“Da bambino volevo fare l’attore. Volevo essere come Giuliano Gemma, perché nei film western era sempre quello buono. Dopodichè nella vita ho capito che è una cosa per la quale non sono proprio portato, non so recitare. Eventualmente sto meglio dietro la macchina da presa a dirigere gli altri”.
Così si racconta a Verissimo Luciano Ligabue, al cinema dal 25 gennaio con il suo terzo film da regista dal titolo “Made in Italy”. Speaker radiofonico, metalmeccanico, consigliere comunale, ragioniere. Luciano ha conosciuto il successo come cantautore a 30 anni, dopo aver condotto fino a quel momento una vita assolutamente normale. A tal proposito racconta: “Penso che mi abbia fatto bene portare per un po’ di anni a casa uno stipendio una volta al mese. Cominciare a 30 anni – prosegue – ha voluto dire partire con un po’ di prudenza. A 20 anni credo che avrei perso facilmente la testa, avrei fatto più stupidaggini di quelle che ho fatto comunque”.

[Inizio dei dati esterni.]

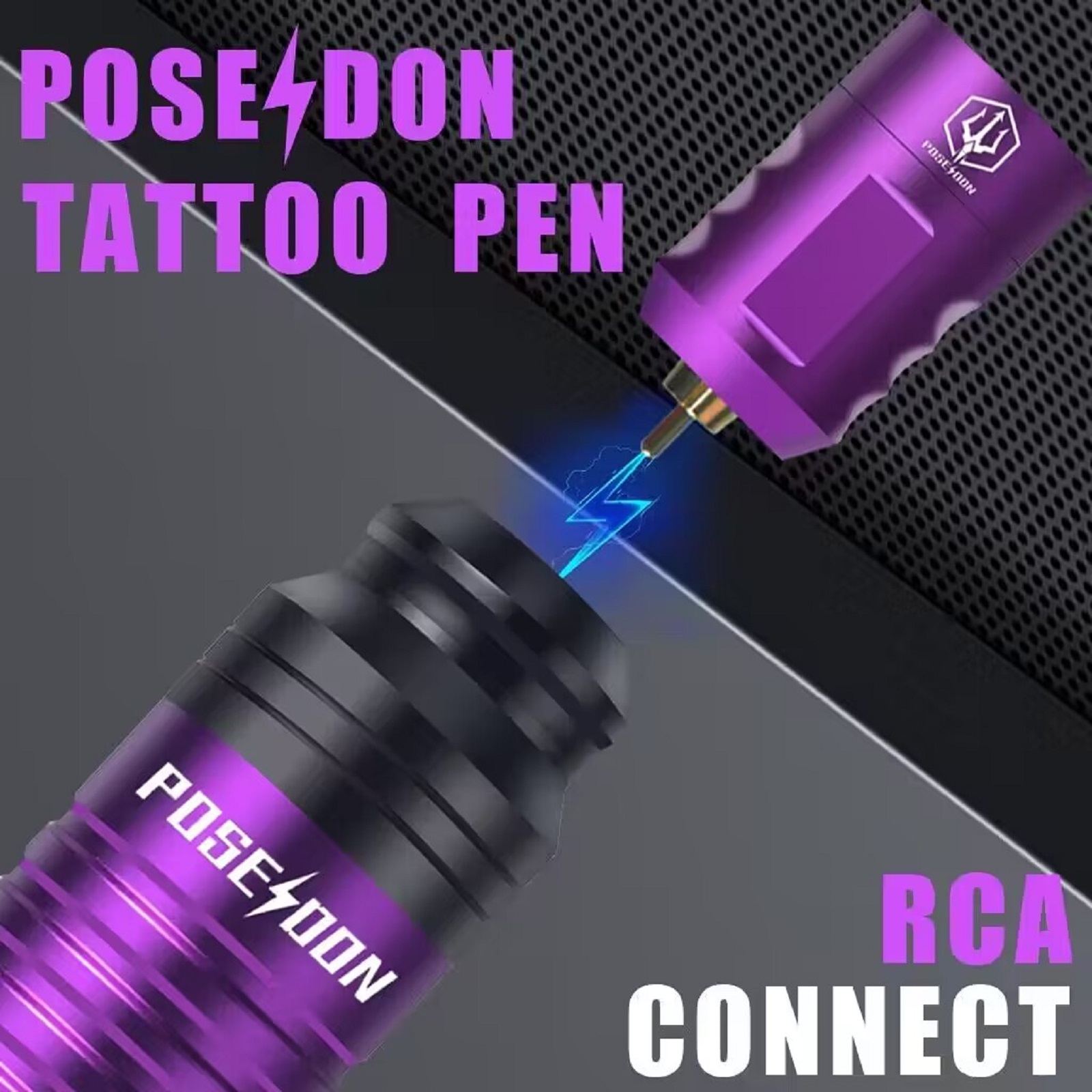 POSEIDON Kit de tatuagem Kit de caneta de tatuagem Kit de prática para iniciantes com fonte de alimentação sem fio Interface RCA Kit de máquina de tatuagem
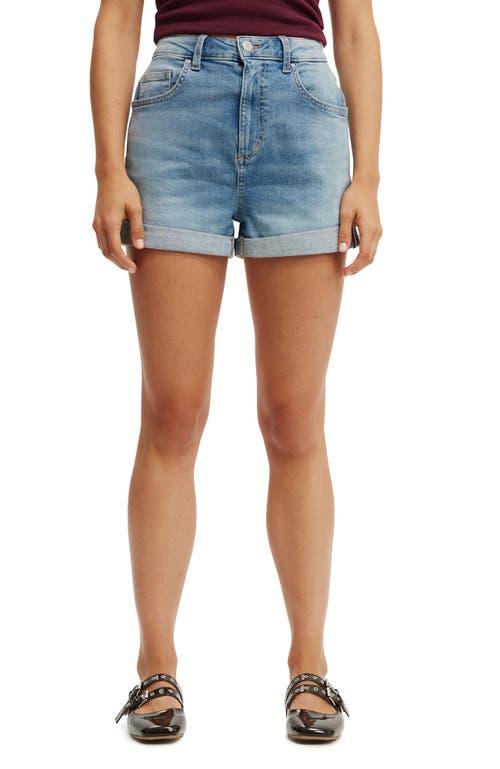 Cotton On Women's High Rise Micro Denim Short in Saltwater Blue Cuff at Nordstrom, Size 6 Product Image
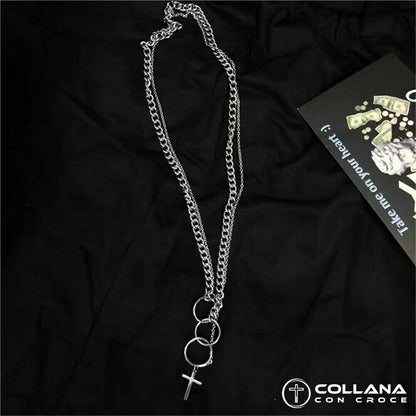 Collana con Croce Collanina Gotica Hip Hop catena in acciaio per Uomo Punk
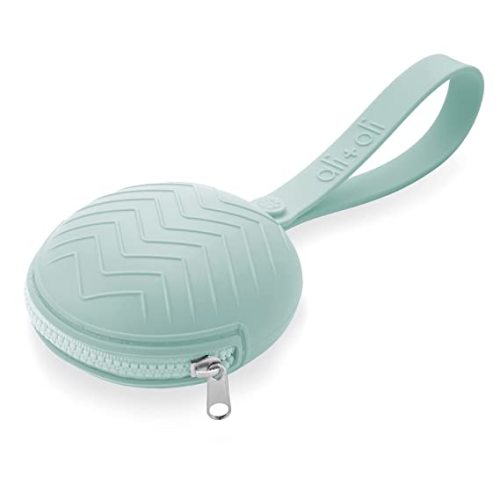 Ali+Oli BPA-Free Silicone Pacifier Holder Case (1-pk) Diaper Bag Accessory Newborn Travel Baby Pacifier Pouch (Army Green)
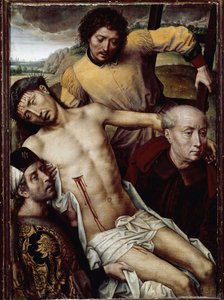 Die Kreuzabnahme. Der Leichnam Jesu Christi wird von drei Männern getragen, darunter Joseph von Arimathäa und Nikodemus. Gemälde von Hans Memling, ca. 1470. Flämische Kunst. Granada, Königliche Kapelle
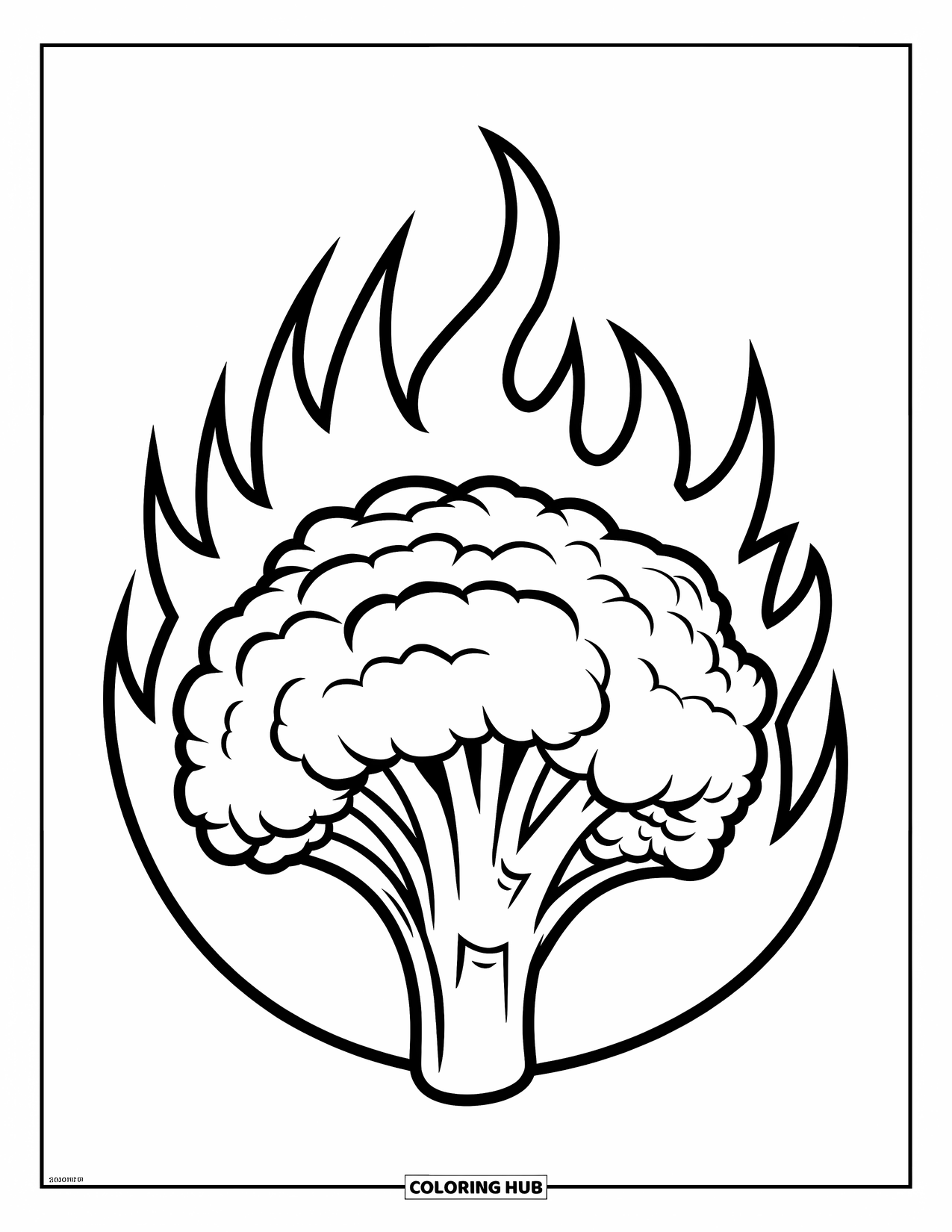 Broccoli Coloring Page for Kids: A stylized broccoli floret burns with intense flames in a bold comic-style design
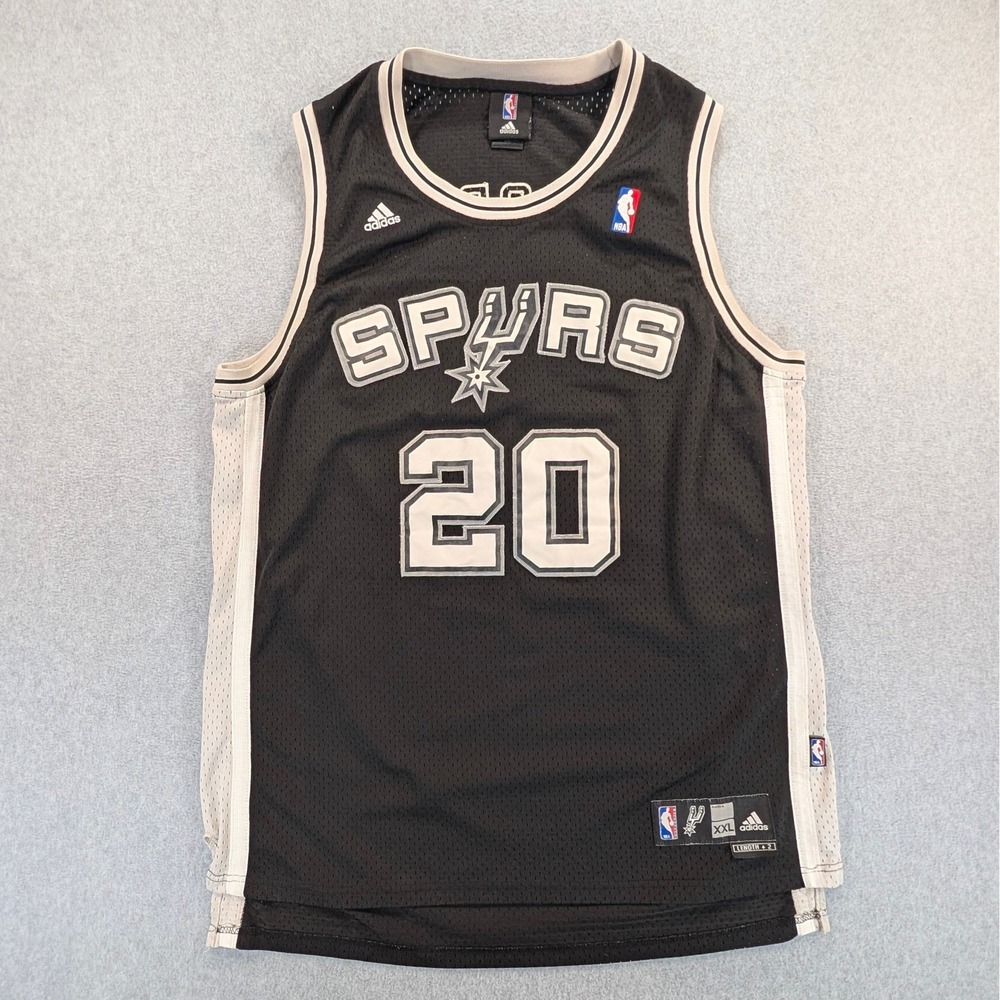Adidas San Antonio Spurs Manu Ginobili #20 NBA Jersey Mens XXL Black Length +2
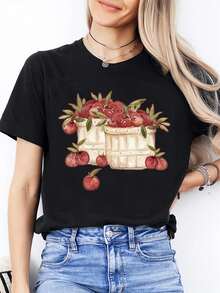 Plus Size - Plus Size - Women's Fashion Casual T-Shirt With Round Neck | Apple Basket Pattern, Country Style, Round Neck, Slightly Stretchy Fabric, Short Sleeves, Suitable For All Seasons, Plus Size. - Black - View 7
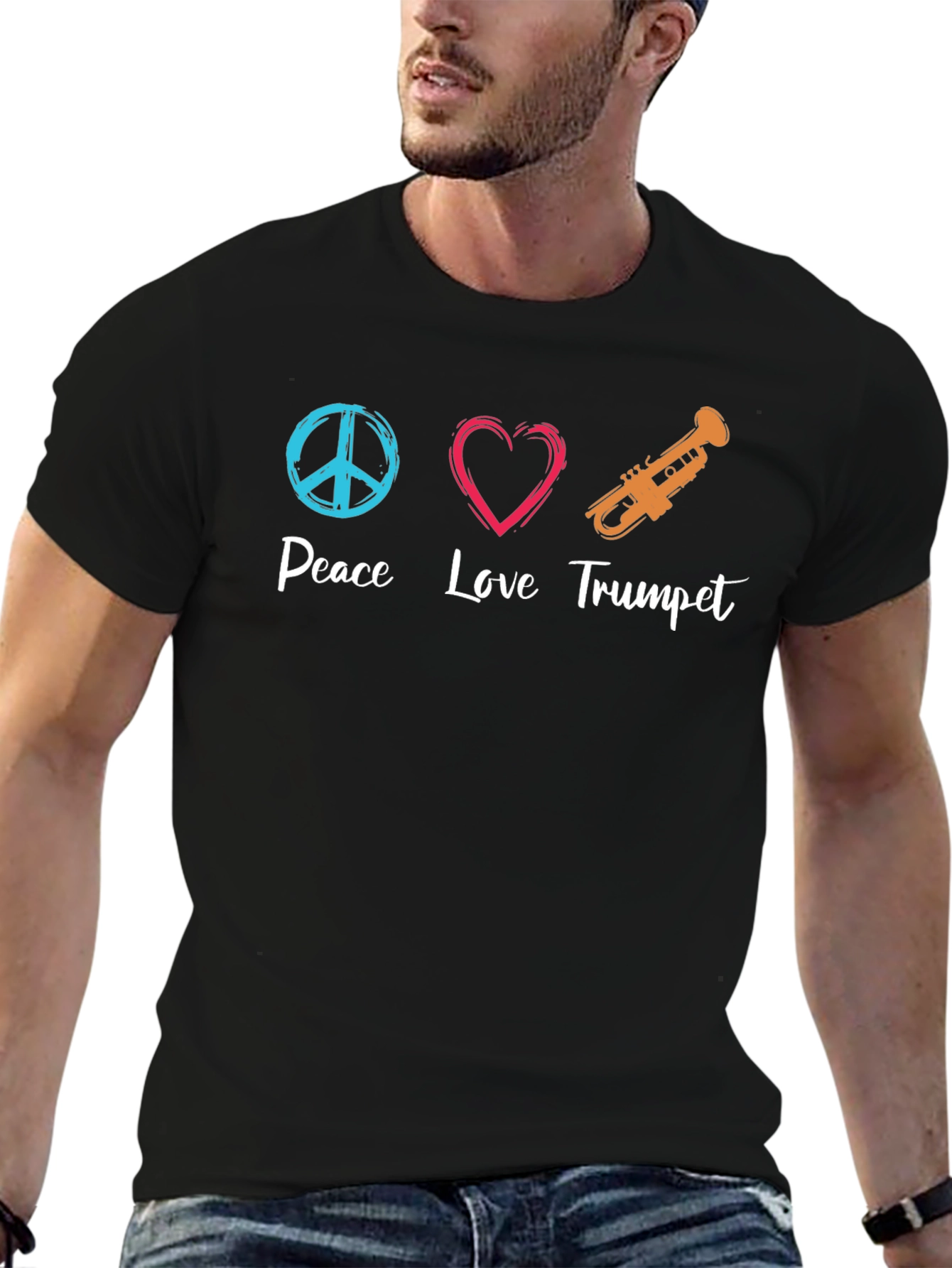 Black Peace Love Trumpet Graphic Tee view 6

Aver conosciuto tanta notorietà in età matura non ha evitato a Luciano di sentirsi ad un certo punto a disagio. A Silvia Toffanin confida: “Mi sentivo in colpa per il successo che avevo raggiunto, sono andato un po’ in crisi, perché ero abituato a portare a casa 1 milione di vecchie lire al mese, a fare i conti con quelli. Adesso dico: ho successo ma lavoro tanto”.
Molto legato alla sua terra e alle sue radici, il cantante e regista di Correggio si sente molto lontano da una certa idea di rocker maledetto. Ai microfoni del talk show afferma: “Tante volte il rock viene visto come un genere per cui uno deve avere un certo tipo di atteggiamento, avere un certo tipo di ‘maledettismo’. Io non mi sono mai riconosciuto in questo, l’ho sempre visto come un cliché”.
Infine, tornando a parlare del film “Made in Italy”, interpretato da Stefano Accorsi e Kasia Smutniak, il regista dice: “Mi sento profondamente italiano, amo tantissimo questo paese e non sopporto più tutti i difetti che questo paese non riesce a risolvere. Questo film racconta, tra le altre cose, il sentimento d’amore, ma anche di frustrazione, verso il nostro paese”.